5)Investigative Reporting:

  1. The Dark Side: The Inside Story of How the War on Terror Turned into a War on American Ideals
  2. “Report: Abusive tactics used to seek Iraq-al Qaida link”; Jonathan S. Landay, McClatchy Newspapers -- Tue, Apr. 21, 2009

1) The OLC memoranda offered the patina of legal sanction to the use of techniques such as waterboarding, hypothermia, stress positions, extensive sleep deprivation and confinement with stinging insects to exploit prisoner phobias.

The memos, by carefully defining parameters, clearly demonstrate that the authors of the memos were deeply engaged in the application of torture techniques, not merely giving abstract legal counsel.

2) The Senate Armed Services Committee report provided a detailed chronology of the process of formulation of policy respecting the treatment of prisoners, with a special focus on the introduction of torture techniques. Exhibit K

Senior officials in the U.S. government decided to use some of these harsh techniques against detainees based on deeply flawed interpretations of U.S. and international law.

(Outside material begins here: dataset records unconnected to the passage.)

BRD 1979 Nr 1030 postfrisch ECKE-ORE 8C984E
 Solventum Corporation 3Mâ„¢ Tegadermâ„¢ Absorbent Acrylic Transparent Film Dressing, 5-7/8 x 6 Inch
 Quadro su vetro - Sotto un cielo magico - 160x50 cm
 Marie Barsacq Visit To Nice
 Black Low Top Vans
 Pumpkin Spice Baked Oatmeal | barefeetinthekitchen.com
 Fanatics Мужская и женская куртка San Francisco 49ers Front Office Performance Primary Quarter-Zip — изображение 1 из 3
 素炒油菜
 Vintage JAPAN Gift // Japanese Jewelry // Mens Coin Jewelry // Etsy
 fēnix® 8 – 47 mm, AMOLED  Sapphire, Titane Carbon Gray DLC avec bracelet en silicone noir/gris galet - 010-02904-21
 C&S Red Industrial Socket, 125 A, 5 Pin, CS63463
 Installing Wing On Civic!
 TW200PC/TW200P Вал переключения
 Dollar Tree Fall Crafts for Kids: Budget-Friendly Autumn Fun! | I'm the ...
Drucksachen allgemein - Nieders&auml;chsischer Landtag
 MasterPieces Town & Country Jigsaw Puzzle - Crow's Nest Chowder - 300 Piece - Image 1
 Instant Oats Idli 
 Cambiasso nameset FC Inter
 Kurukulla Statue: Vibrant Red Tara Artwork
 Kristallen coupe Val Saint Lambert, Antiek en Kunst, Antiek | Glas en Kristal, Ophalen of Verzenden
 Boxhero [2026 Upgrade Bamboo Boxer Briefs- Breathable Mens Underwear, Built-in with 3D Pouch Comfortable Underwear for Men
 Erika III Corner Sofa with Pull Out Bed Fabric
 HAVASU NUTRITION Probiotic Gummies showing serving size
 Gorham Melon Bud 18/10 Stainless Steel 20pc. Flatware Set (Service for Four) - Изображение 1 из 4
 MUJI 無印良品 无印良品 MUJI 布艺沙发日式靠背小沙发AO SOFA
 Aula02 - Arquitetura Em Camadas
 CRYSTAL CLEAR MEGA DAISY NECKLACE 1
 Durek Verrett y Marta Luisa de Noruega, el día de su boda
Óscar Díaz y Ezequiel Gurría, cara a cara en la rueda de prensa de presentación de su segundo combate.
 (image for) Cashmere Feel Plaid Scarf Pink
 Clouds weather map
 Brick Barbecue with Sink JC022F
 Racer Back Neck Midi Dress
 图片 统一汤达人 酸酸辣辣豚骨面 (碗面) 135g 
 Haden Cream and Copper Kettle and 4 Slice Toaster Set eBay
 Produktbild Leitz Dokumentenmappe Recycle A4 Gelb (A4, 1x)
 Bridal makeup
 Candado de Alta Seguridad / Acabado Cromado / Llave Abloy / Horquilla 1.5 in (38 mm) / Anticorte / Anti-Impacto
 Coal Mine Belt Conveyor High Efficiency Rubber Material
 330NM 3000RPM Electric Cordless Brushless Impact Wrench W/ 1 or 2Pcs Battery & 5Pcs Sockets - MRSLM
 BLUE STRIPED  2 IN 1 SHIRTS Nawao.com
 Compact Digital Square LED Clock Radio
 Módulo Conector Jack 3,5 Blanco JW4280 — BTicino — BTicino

[Levin, McCain Release Executive Summary and Conclusions of Report on Treatment of Detainees in U.S. Custody, December 11, 2008]

3) The Senate Intelligence Committee memo details the steps leading to issuance of the OLC memos and identified the Justice Department lawyers and others involved in the process. The memo details a systematic authorized program for the mistreatment and torture of persons denied rights of due process. [Letter from Attorney General Eric Holder, Jr. to Senator John. D. Rockefeller IV of the SSCI forwarding declassified narrative, (April 17, 2009).]

4) The Red Cross Report On Detainee Treatment was prepared from interviews with a number of detainees and others. In short, it confirms that the types of torture techniques advocated by Mr. Flanigan were in fact used against many detainees. These techniques included suffocation by water, prolonged stress standing, beatings by use of a collar, beating and kicking, confinement in a box, prolonged nudity, sleep deprivation,

continuous loud noises, exposure to cold temperature and cold water, threats, forced shaving, and deprivation of food. Exhibit J

5) In testimony at a Senate hearing on May 13, 2009, Former State Department counselor Philip Zelikow told a committee panel that Bush administration officials engaged in a ‘collective failure’ with regard to the detention and interrogation of suspected terrorists. He asserted that the torture memos were unsound because “the lawyers involved ... did not welcome peer review and indeed would shut down challenges even inside the government.” Georgetown University law professor David Luban testified that the Justice Department torture memos constituted “an ethical train wreck” because they violated constitutional, statutory and international law.

(5) Investigation Reporting/Biographies: Select reporting from credible sources further suggests that following the attacks of 9/11/01, a host of controversial and illegal policies were advanced persistently and systematically by a small group of lawyers to serve narrow policy goals and political ambitions, with a primary aim of vastly amplifying the power of the Presidency, in direct threat to the system of checks and balances elucidated in the U.S. Constitution. [

a) Jane Mayer, The Dark Side: In her award-winning book, Harpers reporter Jane Mayer writes that John Yoo was a prominent member of that group who advanced a concerted campaign to establish an entirely new post-9/11 legal regime already well developed prior to the attacks. Any objective analysis of this body of work leads to the obvious conclusion these lawyers methodically advanced an agenda entirely antithetical to the U.S. Constitution and a host of historical andlegal precedents, with legal opinion and advocacy that effectively buried American ideals and the rule of law.

b) Jonathan Landey of McClatchy in his article Report: Abusive tactics used to seek Iraq-al Qaida link reported on the intense pressure put on the CIA and military interrogators to use of extreme interrogation tactics including the use of waterboarding, on scores of occasions, in an effort to produce intelligence from detainee confessions that al-Qaeda was linked to the regime of Iraqi President Hussein. Pressure came from the Vice-President’s office. The head of the ‘War Council” was David Addington, the Vice-President’s Chief of Staff.